El resultado de las elecciones del pasado domingo tiene muchas lecturas y los gurús ya se encargan de leer las hojas de té. En un panorama de tiempo variable como lo es ahora mismo el catalán, es muy atrevido aventurar predicciones. ¿Quién sabe realmente qué pasará dentro de un mes? Me limito, pues, a constatar la volatilidad del voto. El día 28 hubo un volantazo, tanto en el Estado como en Cataluña. Si quisiera hacer un juego de palabras, diría que se ha impuesto el bloque del 155. El formado por los de las 155 monedas de plata y los del ‘yo también apliqué el 155’. Por lo pronto pueden parecer antagónicos, pero algunas afinidades pueden acercarlos a medida que avance la legislatura. Los tripartitos existieron. De acuerdo, hay otras lecturas más como es debido. Una, la que ve en los resultados un avance del independentismo por el hecho simbólicamente importante y empíricamente despreciable de enviar más diputados que nunca a Madrid. O la que ve una abrumadora victoria de las izquierdas, a condición de hacer un esfuerzo de imaginación y valorar al PSC como partido de izquierdas. O, desde otro ángulo, una mayoría republicana que excluye a los socialistas, incurablemente monárquicos por estos contornos. Hay donde elegir encuadres y fotografías. Pero el hecho no interpretable es que las últimas elecciones, sin ser autonómicas, han abolido el 21-D.

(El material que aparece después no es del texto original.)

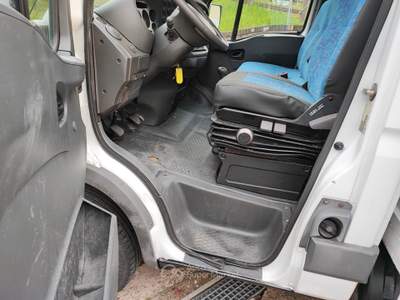 Iveco Daily 35C11 Differenziale Autobloccante usata Padova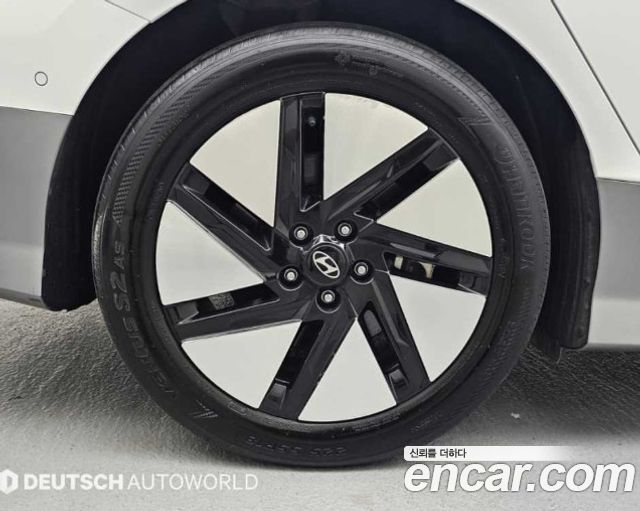 Hyundai Ioniq6 2025 — photo 5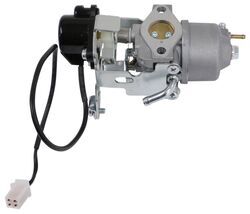 Replacement Carburetor For 75531i Champion 3100 Watt Generator Etrailer Com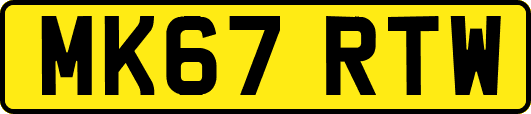 MK67RTW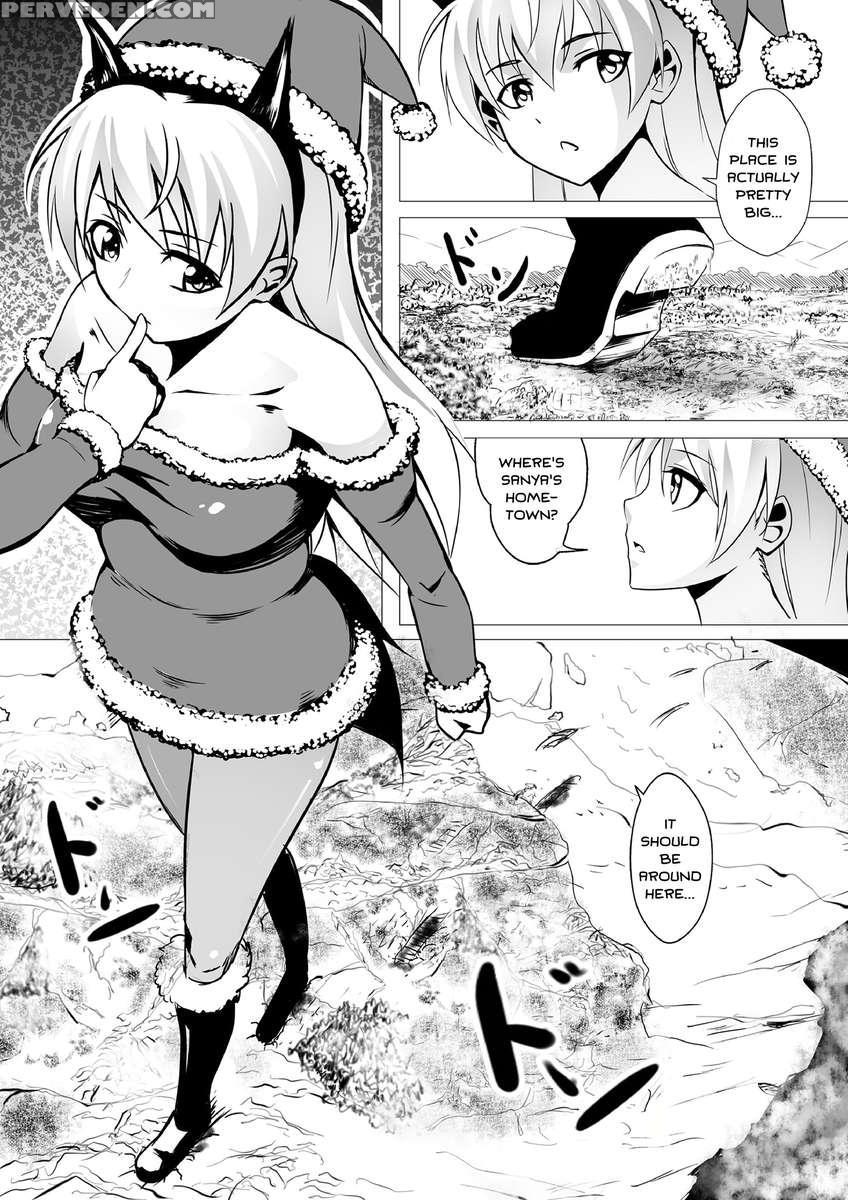 Gift Of The Magi 1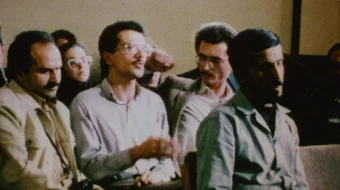 Yirik reja Eron filmi Uzbek tilida 1990 Full HD O'zbek tarjima skrinshot 2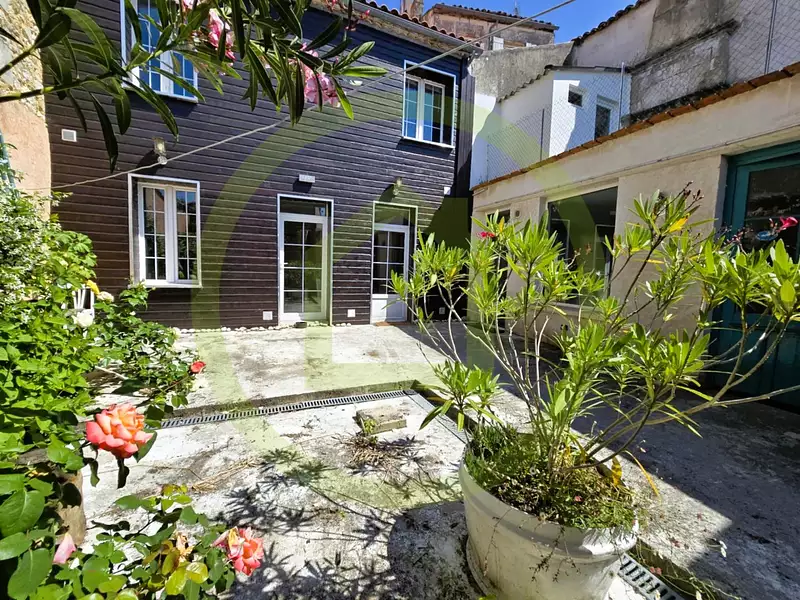 Maison, 142 m²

¿Qué ha cambiado, pues, en poco más de un año? En la política española y en sentido práctico, muy poco. La maquinaria represiva chirría un poco, pero avanza como un tanque. Borrell desaparece, pero en su lugar sube Irene Lozano y un ejército de cosméticos para hacer un lifting a la imagen de España. En Cataluña, el independentismo aguanta bien la intimidación capilar y el escarnio del juicio. Ha habido trasvase de votos, pero no la inclinación que permitiría visualizar la mayoría en pugna. Cualitativamente, se puede decir que la vida resiste a la teoría. Con el juicio en el Tribunal Supremo en fase creciente de escándalo, casi la mitad de los electores ha vuelto a votar por la dignidad, otorgando actas a todos los presos que iban en alguna lista. Pero en las propuestas de los partidos y en la distribución del sufragio, hay una diferencia significativa respecto del 21-D. Las mismas consignas de los líderes rezumaban los efectos del 155 y con los resultados en la mano parece claro que se ha pasado página y se ha renunciado a la legitimidad que fue clave en aquellos otros comicios. Esta vez la noticia es la aclaración de la fuerza respectiva entre los socios de la proclamación de la república, convertidos en rivales.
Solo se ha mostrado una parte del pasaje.